Results: Between Jan 2018 and May 2021, 180 pts were randomized. Two pts did not receive any treatment (one withdrawn informed consent, one death) resulting in a full analysis set of n=90 (arm A) and n=88 (arm B). Median age was 76 years (range 44-87), 52% of pts were >75 years of age, 37% were primary progressive after first-line therapy, 62% had IPI 3-5. Overall response (OR) and complete response (CR) rates were similar with 34% and 20% (arm A) vs. 34% and 22% (arm B), respectively. Rates of progressive disease (PD) were 53% (arm A) vs. 50% (arm B). After a median follow-up of 21 months, 1-year PFS was 28% (95%-CI: 18%-37%) in arm A vs. 20% (95%-CI: 11%-28%), (p=0.827) in arm B (Figure A). 1-year EFS was 22% (95%-CI: 13%-31%) in arm A vs. 20% (95%-CI: 11%-28%), (p=0.654) in arm B. One-year OS was 48% (95%-CI: 38%-59%) in arm A vs. 58% (95%-CI: 47%-68%), (p=0.126) in arm B. At 2 years, PFS, EFS and OS were 15% (95%-CI: 6%-24%), 13% (95%.CI: 5%-21%) and 34% (95%-CI: 22%-46%) in arm A vs. 15% (95%-CI: 7%-23%), 15% (95%-CI: 7%-23%) an 43% (95%-CI: 32%-55%) in arm B. Because of an identical PFS but a trend toward better OS for arm B, we performed an event-driven OS analysis of pts after second progression or relapse (n=70 in arm A, n= 73 in arm B). OS survival was superior in arm B vs. arm A after second progression or relapse (Log Rank p= 0.010) (Figure B). There was a small increase in number of pts with grade 3-5 AEs in arm B (arm A/arm B: thrombocytopenia 37%/39%; anemia 19%/26%; leukopenia 19%/24%; infection 15%/22%). No increase in number of pts with immune-related grade 3-5 AEs was observed except asymptomatic increase of lipase (arm A/arm B: 23%/27%), (p=0.625) and amylase (arm A/arm B: 5%/11%), (p=0.192). Most common grade 3-5 AEs during nivolumab consolidation in arm B were leukopenia 13%, peripheral neuropathy 10%, increase of lipase 8%, anemia 5% and infection 5% of pts). In total, 7 treatment-related deaths occurred (arm A/arm B: 3 (3%)/4 (5%).

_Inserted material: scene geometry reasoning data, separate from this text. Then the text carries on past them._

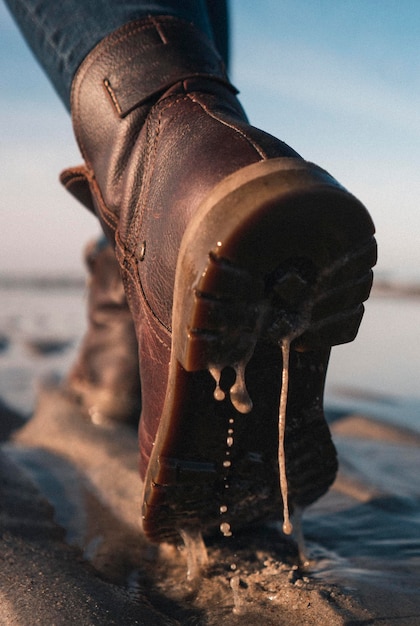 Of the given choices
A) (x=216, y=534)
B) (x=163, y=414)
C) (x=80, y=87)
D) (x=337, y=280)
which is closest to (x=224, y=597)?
(x=216, y=534)

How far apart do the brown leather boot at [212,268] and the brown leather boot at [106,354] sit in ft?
4.71

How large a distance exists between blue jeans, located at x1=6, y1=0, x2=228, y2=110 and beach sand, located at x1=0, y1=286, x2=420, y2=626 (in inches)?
42.9

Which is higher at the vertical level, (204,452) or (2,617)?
(204,452)

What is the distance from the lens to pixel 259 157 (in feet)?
3.77

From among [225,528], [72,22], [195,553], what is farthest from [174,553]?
[72,22]

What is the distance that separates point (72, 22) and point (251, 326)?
91cm

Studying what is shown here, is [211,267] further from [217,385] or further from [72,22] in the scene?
[72,22]

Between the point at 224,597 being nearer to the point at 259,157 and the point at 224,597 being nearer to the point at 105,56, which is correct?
the point at 259,157

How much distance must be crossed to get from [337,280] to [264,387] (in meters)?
0.29

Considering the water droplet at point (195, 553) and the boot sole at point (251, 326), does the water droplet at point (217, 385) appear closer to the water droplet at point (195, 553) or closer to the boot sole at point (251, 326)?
the boot sole at point (251, 326)

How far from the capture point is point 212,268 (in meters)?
1.03

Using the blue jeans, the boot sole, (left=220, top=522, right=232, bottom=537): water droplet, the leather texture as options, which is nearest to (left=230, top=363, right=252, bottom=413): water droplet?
the boot sole

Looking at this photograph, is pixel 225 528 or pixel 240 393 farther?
pixel 225 528

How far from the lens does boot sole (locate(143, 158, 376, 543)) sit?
1.04m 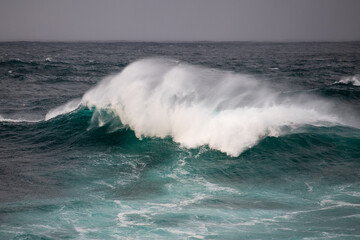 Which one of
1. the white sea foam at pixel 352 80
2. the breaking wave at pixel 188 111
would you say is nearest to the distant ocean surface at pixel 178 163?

After this interim analysis revealed futility to demonstrate superiority for the primary endpoint, recruitment was stopped in March 2023. At that point, 270 of 310 initially intended pts had been recruited.

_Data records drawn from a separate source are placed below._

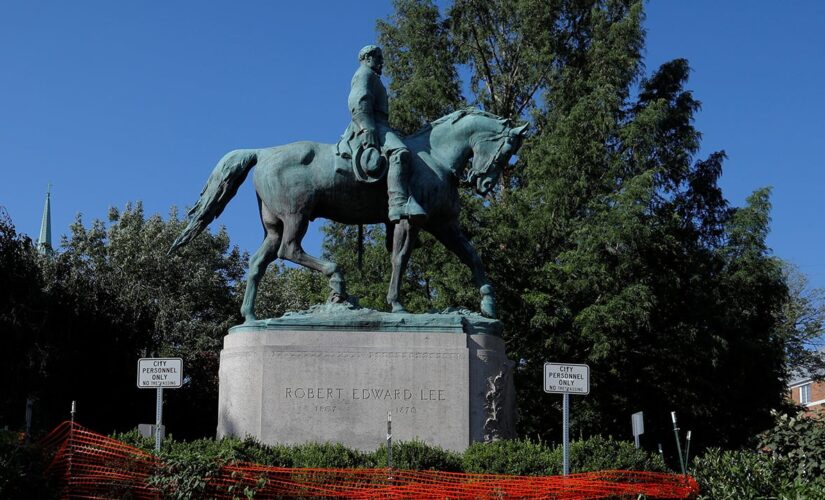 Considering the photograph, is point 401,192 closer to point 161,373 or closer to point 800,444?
point 161,373

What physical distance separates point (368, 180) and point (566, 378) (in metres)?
4.75

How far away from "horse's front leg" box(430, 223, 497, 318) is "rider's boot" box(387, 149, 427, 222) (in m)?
0.84

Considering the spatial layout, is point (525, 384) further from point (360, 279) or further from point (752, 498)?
point (752, 498)

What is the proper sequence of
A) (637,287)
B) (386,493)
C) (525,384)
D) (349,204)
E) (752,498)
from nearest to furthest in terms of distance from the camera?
(752,498) → (386,493) → (349,204) → (637,287) → (525,384)

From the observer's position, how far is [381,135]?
49.6 ft

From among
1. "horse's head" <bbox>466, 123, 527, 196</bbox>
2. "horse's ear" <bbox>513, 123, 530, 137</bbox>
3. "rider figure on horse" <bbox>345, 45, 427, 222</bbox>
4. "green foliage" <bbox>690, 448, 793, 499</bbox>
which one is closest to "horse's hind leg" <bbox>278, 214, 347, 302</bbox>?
"rider figure on horse" <bbox>345, 45, 427, 222</bbox>

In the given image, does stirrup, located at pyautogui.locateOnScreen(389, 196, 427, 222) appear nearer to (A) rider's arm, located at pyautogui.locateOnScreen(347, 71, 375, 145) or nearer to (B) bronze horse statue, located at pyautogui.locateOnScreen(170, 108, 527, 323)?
(B) bronze horse statue, located at pyautogui.locateOnScreen(170, 108, 527, 323)

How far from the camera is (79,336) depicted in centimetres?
3538

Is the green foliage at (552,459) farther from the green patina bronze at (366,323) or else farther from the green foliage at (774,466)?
the green patina bronze at (366,323)

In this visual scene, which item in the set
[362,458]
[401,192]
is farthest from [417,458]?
[401,192]

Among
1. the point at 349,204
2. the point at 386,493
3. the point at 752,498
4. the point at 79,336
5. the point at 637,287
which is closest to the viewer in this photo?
the point at 752,498

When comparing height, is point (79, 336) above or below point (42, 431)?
above

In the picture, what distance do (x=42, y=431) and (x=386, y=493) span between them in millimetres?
3903

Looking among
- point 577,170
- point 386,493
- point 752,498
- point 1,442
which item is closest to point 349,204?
point 386,493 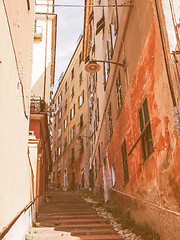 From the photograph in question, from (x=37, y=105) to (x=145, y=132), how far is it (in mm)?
8013

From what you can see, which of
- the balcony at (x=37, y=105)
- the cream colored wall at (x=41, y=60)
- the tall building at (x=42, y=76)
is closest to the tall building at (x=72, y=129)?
the tall building at (x=42, y=76)

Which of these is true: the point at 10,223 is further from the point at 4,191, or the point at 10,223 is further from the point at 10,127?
the point at 10,127

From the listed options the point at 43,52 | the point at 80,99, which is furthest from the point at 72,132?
the point at 43,52

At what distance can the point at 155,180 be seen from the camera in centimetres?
571

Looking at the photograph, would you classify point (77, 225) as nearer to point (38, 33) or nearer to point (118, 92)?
point (118, 92)

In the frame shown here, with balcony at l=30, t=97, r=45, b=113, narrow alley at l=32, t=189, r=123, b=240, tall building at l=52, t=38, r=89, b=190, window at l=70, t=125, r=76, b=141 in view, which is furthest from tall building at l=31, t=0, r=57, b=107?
window at l=70, t=125, r=76, b=141

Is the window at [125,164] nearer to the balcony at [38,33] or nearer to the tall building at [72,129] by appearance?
the balcony at [38,33]

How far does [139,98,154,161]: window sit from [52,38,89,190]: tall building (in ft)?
52.6

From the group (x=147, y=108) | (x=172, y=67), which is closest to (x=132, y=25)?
(x=147, y=108)

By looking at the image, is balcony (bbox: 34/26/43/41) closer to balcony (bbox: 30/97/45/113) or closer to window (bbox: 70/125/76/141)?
balcony (bbox: 30/97/45/113)

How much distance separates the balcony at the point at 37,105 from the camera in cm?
1300

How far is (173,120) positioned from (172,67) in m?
0.98

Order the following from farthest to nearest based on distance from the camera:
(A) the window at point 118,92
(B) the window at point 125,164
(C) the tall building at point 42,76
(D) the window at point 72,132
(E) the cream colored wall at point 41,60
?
1. (D) the window at point 72,132
2. (E) the cream colored wall at point 41,60
3. (C) the tall building at point 42,76
4. (A) the window at point 118,92
5. (B) the window at point 125,164

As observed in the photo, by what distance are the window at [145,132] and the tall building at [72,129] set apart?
1602 centimetres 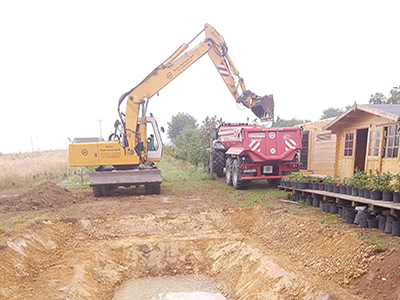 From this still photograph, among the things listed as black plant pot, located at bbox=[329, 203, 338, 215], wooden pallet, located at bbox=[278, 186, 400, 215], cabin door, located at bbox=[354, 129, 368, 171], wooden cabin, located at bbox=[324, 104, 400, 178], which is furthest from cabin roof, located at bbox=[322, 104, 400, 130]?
black plant pot, located at bbox=[329, 203, 338, 215]

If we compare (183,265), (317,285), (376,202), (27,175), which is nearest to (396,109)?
(376,202)

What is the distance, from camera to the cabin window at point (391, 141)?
7875 mm

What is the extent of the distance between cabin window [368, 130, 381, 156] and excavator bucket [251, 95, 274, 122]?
3672mm

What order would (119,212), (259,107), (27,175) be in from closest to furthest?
1. (119,212)
2. (259,107)
3. (27,175)

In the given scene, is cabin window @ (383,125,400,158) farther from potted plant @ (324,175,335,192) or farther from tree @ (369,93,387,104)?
tree @ (369,93,387,104)

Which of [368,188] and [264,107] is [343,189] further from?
[264,107]

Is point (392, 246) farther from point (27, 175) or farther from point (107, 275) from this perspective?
point (27, 175)

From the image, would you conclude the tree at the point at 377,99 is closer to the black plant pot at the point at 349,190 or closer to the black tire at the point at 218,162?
the black tire at the point at 218,162

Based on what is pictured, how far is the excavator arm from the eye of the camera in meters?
10.3

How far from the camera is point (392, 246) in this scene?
12.2 ft

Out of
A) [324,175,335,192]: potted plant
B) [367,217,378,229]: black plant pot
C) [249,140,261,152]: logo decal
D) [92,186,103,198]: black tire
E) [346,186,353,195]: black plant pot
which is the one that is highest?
[249,140,261,152]: logo decal

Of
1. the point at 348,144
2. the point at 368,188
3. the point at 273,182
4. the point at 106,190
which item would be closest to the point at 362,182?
the point at 368,188

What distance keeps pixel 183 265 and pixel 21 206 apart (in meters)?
5.37

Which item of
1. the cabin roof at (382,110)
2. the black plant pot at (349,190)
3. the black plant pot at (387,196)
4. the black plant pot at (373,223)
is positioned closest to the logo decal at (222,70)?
the cabin roof at (382,110)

Conclusions: In pts with R/R LBCL, the addition of nivolumab to R-GemOx followed by nivolumab maintenance is feasible without relevant additive toxicity. The addition of Nivolumab did not improve PFS of the R-GemOx regimen alone. These results demonstrate the poor prognosis of R/R transplant-ineligible pts treated with immuno-chemotherapy. However, a trend towards a better OS was observed, which allows for the hypothesis that nivolumab might enhance the efficacy of subsequent therapies. The final analysis of the study is scheduled after completion of follow-up of the last patient included as defined by the study protocol.